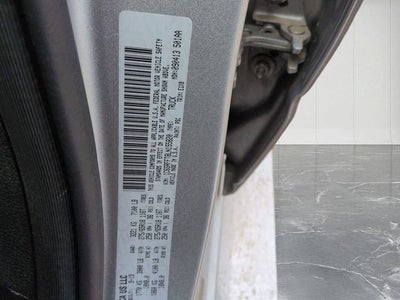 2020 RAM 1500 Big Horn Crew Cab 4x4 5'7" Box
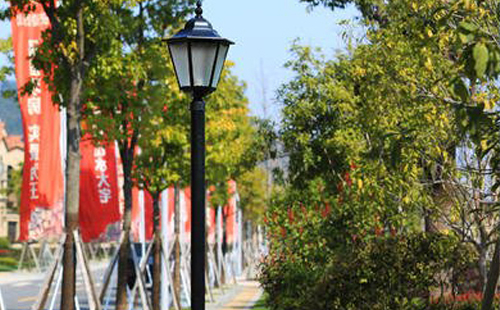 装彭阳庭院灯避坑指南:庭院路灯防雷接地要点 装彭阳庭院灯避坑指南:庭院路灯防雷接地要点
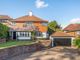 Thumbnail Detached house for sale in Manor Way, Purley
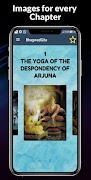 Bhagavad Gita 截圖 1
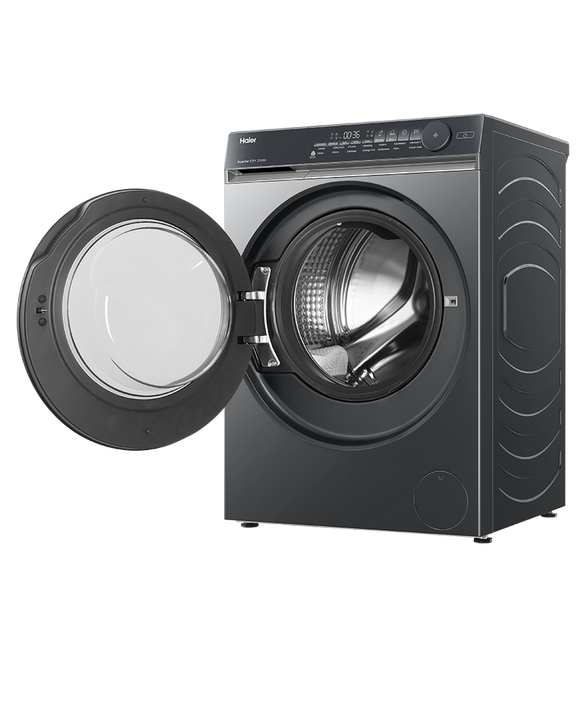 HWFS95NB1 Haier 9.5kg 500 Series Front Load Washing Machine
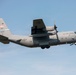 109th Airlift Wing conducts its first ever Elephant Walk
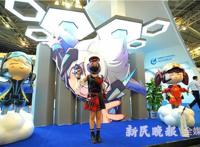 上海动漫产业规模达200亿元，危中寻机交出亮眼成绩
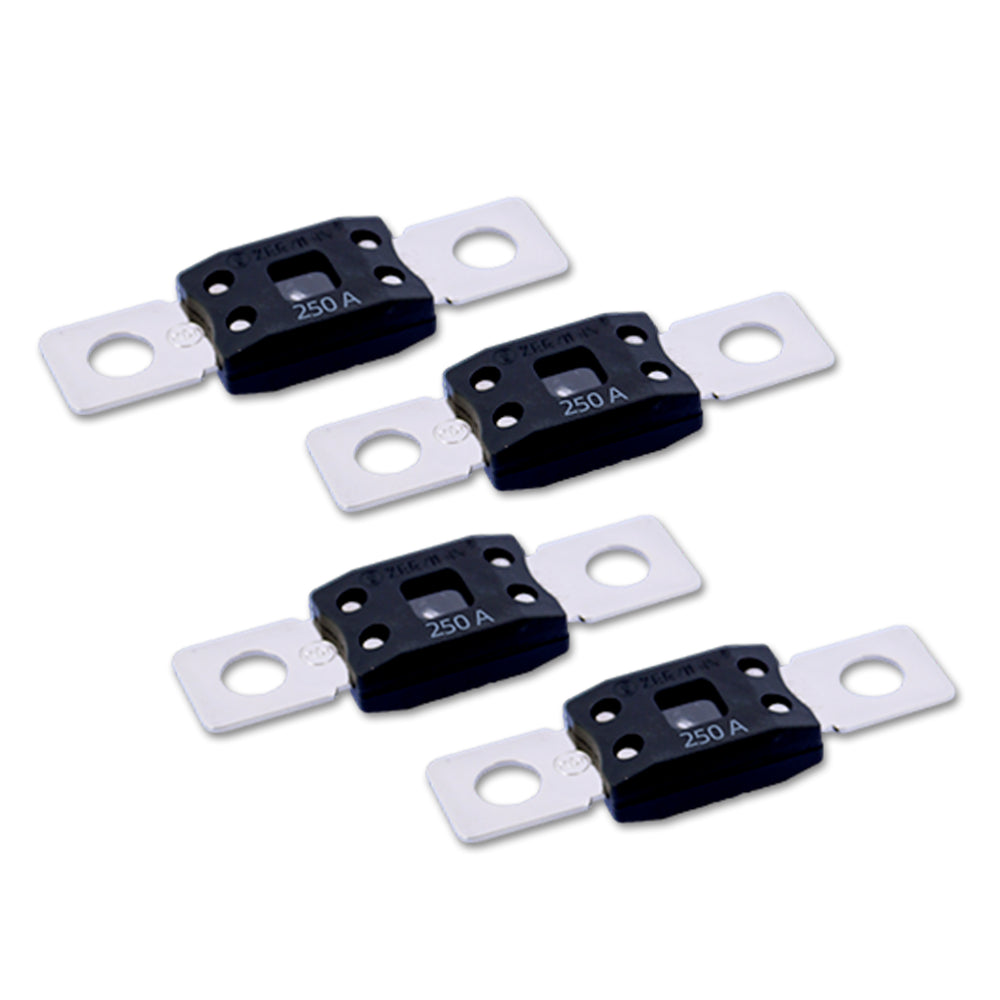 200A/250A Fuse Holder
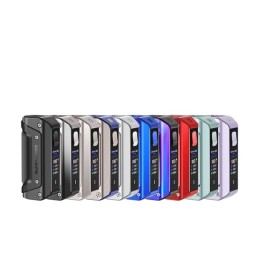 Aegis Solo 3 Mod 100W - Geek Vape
--
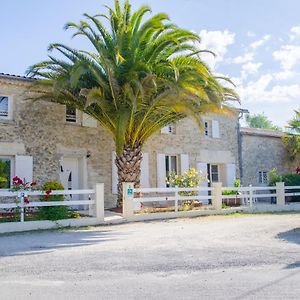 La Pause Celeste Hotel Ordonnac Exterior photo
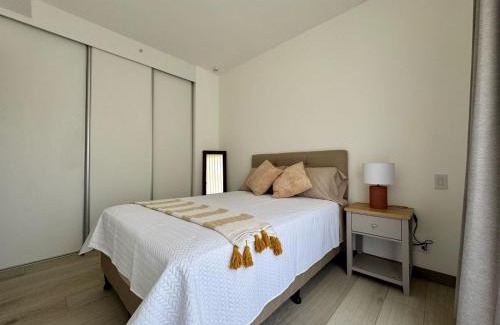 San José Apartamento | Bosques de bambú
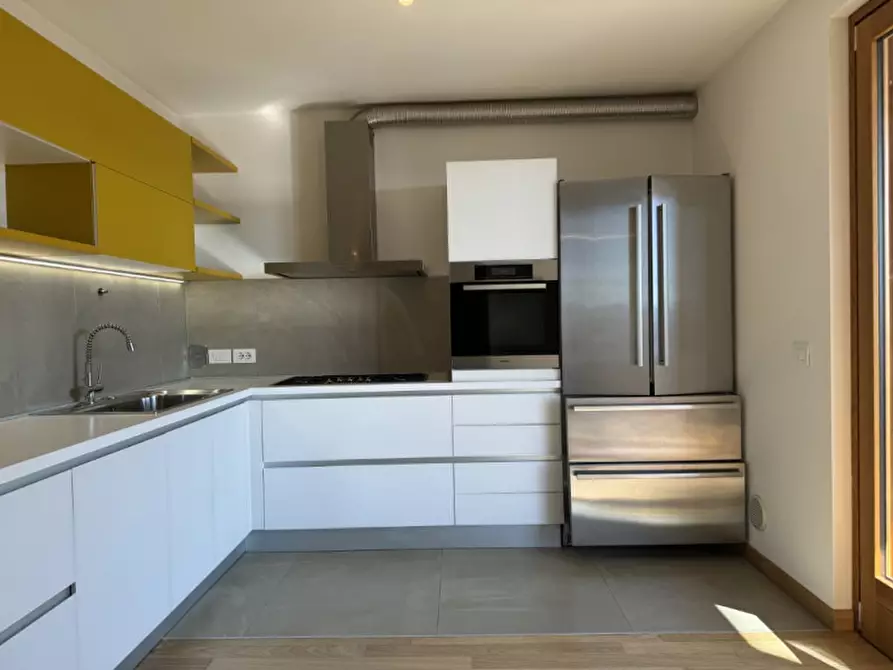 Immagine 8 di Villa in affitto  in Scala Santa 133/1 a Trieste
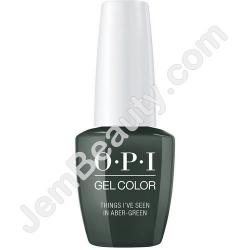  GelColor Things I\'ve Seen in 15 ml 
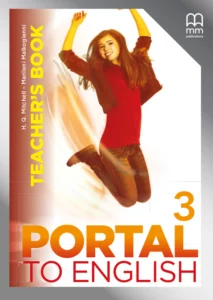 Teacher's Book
* * *
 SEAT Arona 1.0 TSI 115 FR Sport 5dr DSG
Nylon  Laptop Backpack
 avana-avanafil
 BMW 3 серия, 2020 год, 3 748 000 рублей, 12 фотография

● **INSTRUCTIONS TO FOLLOW**
Whatever pictures the records hold, omit them; give again exactly the lines from the one containing "2020 RAM 1500" through the one containing "Aegis Solo 3 Mod 100W - Geek Vape".

● **EXERCISE SOLUTION**
 2020 RAM 1500 Big Horn Crew Cab 4x4 5'7" Box
 装彭阳庭院灯避坑指南:庭院路灯防雷接地要点 装彭阳庭院灯避坑指南:庭院路灯防雷接地要点
 Thumbnail Detached house for sale in Manor Way, Purley
 Bhagavad Gita 截圖 1
 HWFS95NB1 Haier 9.5kg 500 Series Front Load Washing Machine
 109th Airlift Wing conducts its first ever Elephant Walk
 上海动漫产业规模达200亿元，危中寻机交出亮眼成绩
 200A/250A Fuse Holder
 Aegis Solo 3 Mod 100W - Geek Vape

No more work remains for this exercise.